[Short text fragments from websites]

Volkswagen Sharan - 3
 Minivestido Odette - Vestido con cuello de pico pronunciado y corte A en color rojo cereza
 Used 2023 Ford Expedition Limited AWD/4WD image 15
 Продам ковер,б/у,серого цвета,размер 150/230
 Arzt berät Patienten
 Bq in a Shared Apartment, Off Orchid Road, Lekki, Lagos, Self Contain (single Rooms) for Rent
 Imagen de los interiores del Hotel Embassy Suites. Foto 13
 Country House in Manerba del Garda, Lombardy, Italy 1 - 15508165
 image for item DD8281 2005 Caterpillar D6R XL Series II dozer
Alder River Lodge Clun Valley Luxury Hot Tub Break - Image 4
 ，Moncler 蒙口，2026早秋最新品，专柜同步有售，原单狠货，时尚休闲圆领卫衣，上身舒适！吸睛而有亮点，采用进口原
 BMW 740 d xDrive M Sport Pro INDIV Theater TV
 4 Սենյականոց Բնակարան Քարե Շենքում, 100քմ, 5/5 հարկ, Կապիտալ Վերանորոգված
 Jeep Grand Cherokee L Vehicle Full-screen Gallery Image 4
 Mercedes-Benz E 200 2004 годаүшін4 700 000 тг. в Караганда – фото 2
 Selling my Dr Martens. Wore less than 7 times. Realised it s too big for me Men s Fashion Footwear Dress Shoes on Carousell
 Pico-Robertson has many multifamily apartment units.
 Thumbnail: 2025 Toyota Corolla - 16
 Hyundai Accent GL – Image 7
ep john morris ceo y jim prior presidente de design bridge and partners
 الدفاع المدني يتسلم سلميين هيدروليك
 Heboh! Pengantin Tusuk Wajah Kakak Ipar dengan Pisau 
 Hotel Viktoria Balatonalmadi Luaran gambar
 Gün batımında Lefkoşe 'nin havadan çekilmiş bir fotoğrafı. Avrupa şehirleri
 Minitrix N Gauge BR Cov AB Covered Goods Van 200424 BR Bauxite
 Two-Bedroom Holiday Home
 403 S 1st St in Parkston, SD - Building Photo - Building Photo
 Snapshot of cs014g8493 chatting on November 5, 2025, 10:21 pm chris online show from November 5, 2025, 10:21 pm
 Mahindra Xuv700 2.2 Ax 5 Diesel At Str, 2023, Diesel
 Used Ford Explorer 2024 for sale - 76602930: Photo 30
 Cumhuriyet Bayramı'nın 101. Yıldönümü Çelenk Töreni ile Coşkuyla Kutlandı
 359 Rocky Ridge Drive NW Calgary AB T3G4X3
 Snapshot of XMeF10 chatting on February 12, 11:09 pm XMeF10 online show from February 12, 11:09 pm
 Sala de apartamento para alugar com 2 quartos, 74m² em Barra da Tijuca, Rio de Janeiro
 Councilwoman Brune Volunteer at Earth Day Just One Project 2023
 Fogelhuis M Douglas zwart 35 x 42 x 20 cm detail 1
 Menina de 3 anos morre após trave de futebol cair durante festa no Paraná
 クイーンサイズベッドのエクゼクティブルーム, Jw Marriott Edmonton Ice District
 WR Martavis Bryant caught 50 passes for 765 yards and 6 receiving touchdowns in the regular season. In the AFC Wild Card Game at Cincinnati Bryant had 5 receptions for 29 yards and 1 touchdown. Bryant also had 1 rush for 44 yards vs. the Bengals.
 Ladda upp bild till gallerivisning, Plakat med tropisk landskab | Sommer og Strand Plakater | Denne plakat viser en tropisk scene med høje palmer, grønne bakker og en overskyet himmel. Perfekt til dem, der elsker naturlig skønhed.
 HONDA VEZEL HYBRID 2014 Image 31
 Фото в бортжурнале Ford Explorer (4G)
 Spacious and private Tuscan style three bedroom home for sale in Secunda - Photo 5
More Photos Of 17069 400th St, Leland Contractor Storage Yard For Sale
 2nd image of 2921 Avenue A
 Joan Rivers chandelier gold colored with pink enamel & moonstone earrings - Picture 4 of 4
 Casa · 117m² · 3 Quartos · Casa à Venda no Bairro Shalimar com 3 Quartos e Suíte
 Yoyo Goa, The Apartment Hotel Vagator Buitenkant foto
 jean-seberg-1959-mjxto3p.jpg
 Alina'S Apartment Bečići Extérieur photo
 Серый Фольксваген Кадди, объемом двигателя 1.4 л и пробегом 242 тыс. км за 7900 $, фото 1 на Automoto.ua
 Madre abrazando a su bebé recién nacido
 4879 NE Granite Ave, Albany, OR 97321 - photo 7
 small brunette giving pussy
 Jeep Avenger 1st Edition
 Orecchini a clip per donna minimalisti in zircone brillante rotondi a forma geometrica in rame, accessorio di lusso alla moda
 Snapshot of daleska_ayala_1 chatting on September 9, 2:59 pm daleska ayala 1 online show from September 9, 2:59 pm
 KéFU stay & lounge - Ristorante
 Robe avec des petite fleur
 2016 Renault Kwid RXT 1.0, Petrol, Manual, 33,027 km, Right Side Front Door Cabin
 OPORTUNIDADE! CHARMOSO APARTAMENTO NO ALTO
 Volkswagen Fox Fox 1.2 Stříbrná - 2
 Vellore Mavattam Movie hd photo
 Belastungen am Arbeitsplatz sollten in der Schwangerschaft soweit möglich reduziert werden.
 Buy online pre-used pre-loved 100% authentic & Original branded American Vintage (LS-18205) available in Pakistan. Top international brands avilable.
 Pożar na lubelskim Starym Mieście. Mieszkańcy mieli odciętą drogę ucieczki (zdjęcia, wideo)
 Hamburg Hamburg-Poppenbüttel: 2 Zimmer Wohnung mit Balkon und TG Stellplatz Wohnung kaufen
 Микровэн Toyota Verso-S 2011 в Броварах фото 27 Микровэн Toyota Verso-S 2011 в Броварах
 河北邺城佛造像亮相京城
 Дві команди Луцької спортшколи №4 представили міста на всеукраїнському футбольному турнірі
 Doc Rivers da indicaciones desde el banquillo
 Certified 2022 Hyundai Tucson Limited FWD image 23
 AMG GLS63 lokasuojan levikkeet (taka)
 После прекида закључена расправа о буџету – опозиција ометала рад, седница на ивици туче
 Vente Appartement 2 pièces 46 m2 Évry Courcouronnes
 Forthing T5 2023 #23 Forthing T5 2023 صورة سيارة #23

- [TO DO] Nothing above should be left out; write out every record exactly.

- [TASK RESPONSE]
Volkswagen Sharan - 3
 Minivestido Odette - Vestido con cuello de pico pronunciado y corte A en color rojo cereza
 Used 2023 Ford Expedition Limited AWD/4WD image 15
 Продам ковер,б/у,серого цвета,размер 150/230
 Arzt berät Patienten
 Bq in a Shared Apartment, Off Orchid Road, Lekki, Lagos, Self Contain (single Rooms) for Rent
 Imagen de los interiores del Hotel Embassy Suites. Foto 13
 Country House in Manerba del Garda, Lombardy, Italy 1 - 15508165
 image for item DD8281 2005 Caterpillar D6R XL Series II dozer
Alder River Lodge Clun Valley Luxury Hot Tub Break - Image 4
 ，Moncler 蒙口，2026早秋最新品，专柜同步有售，原单狠货，时尚休闲圆领卫衣，上身舒适！吸睛而有亮点，采用进口原
 BMW 740 d xDrive M Sport Pro INDIV Theater TV
 4 Սենյականոց Բնակարան Քարե Շենքում, 100քմ, 5/5 հարկ, Կապիտալ Վերանորոգված
 Jeep Grand Cherokee L Vehicle Full-screen Gallery Image 4
 Mercedes-Benz E 200 2004 годаүшін4 700 000 тг. в Караганда – фото 2
 Selling my Dr Martens. Wore less than 7 times. Realised it s too big for me Men s Fashion Footwear Dress Shoes on Carousell
 Pico-Robertson has many multifamily apartment units.
 Thumbnail: 2025 Toyota Corolla - 16
 Hyundai Accent GL – Image 7
ep john morris ceo y jim prior presidente de design bridge and partners
 الدفاع المدني يتسلم سلميين هيدروليك
 Heboh! Pengantin Tusuk Wajah Kakak Ipar dengan Pisau 
 Hotel Viktoria Balatonalmadi Luaran gambar
 Gün batımında Lefkoşe 'nin havadan çekilmiş bir fotoğrafı. Avrupa şehirleri
 Minitrix N Gauge BR Cov AB Covered Goods Van 200424 BR Bauxite
 Two-Bedroom Holiday Home
 403 S 1st St in Parkston, SD - Building Photo - Building Photo
 Snapshot of cs014g8493 chatting on November 5, 2025, 10:21 pm chris online show from November 5, 2025, 10:21 pm
 Mahindra Xuv700 2.2 Ax 5 Diesel At Str, 2023, Diesel
 Used Ford Explorer 2024 for sale - 76602930: Photo 30
 Cumhuriyet Bayramı'nın 101. Yıldönümü Çelenk Töreni ile Coşkuyla Kutlandı
 359 Rocky Ridge Drive NW Calgary AB T3G4X3
 Snapshot of XMeF10 chatting on February 12, 11:09 pm XMeF10 online show from February 12, 11:09 pm
 Sala de apartamento para alugar com 2 quartos, 74m² em Barra da Tijuca, Rio de Janeiro
 Councilwoman Brune Volunteer at Earth Day Just One Project 2023
 Fogelhuis M Douglas zwart 35 x 42 x 20 cm detail 1
 Menina de 3 anos morre após trave de futebol cair durante festa no Paraná
 クイーンサイズベッドのエクゼクティブルーム, Jw Marriott Edmonton Ice District
 WR Martavis Bryant caught 50 passes for 765 yards and 6 receiving touchdowns in the regular season. In the AFC Wild Card Game at Cincinnati Bryant had 5 receptions for 29 yards and 1 touchdown. Bryant also had 1 rush for 44 yards vs. the Bengals.
 Ladda upp bild till gallerivisning, Plakat med tropisk landskab | Sommer og Strand Plakater | Denne plakat viser en tropisk scene med høje palmer, grønne bakker og en overskyet himmel. Perfekt til dem, der elsker naturlig skønhed.
 HONDA VEZEL HYBRID 2014 Image 31
 Фото в бортжурнале Ford Explorer (4G)
 Spacious and private Tuscan style three bedroom home for sale in Secunda - Photo 5
More Photos Of 17069 400th St, Leland Contractor Storage Yard For Sale
 2nd image of 2921 Avenue A
 Joan Rivers chandelier gold colored with pink enamel & moonstone earrings - Picture 4 of 4
 Casa · 117m² · 3 Quartos · Casa à Venda no Bairro Shalimar com 3 Quartos e Suíte
 Yoyo Goa, The Apartment Hotel Vagator Buitenkant foto
 jean-seberg-1959-mjxto3p.jpg
 Alina'S Apartment Bečići Extérieur photo
 Серый Фольксваген Кадди, объемом двигателя 1.4 л и пробегом 242 тыс. км за 7900 $, фото 1 на Automoto.ua
 Madre abrazando a su bebé recién nacido
 4879 NE Granite Ave, Albany, OR 97321 - photo 7
 small brunette giving pussy
 Jeep Avenger 1st Edition
 Orecchini a clip per donna minimalisti in zircone brillante rotondi a forma geometrica in rame, accessorio di lusso alla moda
 Snapshot of daleska_ayala_1 chatting on September 9, 2:59 pm daleska ayala 1 online show from September 9, 2:59 pm
 KéFU stay & lounge - Ristorante
 Robe avec des petite fleur
 2016 Renault Kwid RXT 1.0, Petrol, Manual, 33,027 km, Right Side Front Door Cabin
 OPORTUNIDADE! CHARMOSO APARTAMENTO NO ALTO
 Volkswagen Fox Fox 1.2 Stříbrná - 2
 Vellore Mavattam Movie hd photo
 Belastungen am Arbeitsplatz sollten in der Schwangerschaft soweit möglich reduziert werden.
 Buy online pre-used pre-loved 100% authentic & Original branded American Vintage (LS-18205) available in Pakistan. Top international brands avilable.
 Pożar na lubelskim Starym Mieście. Mieszkańcy mieli odciętą drogę ucieczki (zdjęcia, wideo)
 Hamburg Hamburg-Poppenbüttel: 2 Zimmer Wohnung mit Balkon und TG Stellplatz Wohnung kaufen
 Микровэн Toyota Verso-S 2011 в Броварах фото 27 Микровэн Toyota Verso-S 2011 в Броварах
 河北邺城佛造像亮相京城
 Дві команди Луцької спортшколи №4 представили міста на всеукраїнському футбольному турнірі
 Doc Rivers da indicaciones desde el banquillo
 Certified 2022 Hyundai Tucson Limited FWD image 23
 AMG GLS63 lokasuojan levikkeet (taka)
 После прекида закључена расправа о буџету – опозиција ометала рад, седница на ивици туче
 Vente Appartement 2 pièces 46 m2 Évry Courcouronnes
 Forthing T5 2023 #23 Forthing T5 2023 صورة سيارة #23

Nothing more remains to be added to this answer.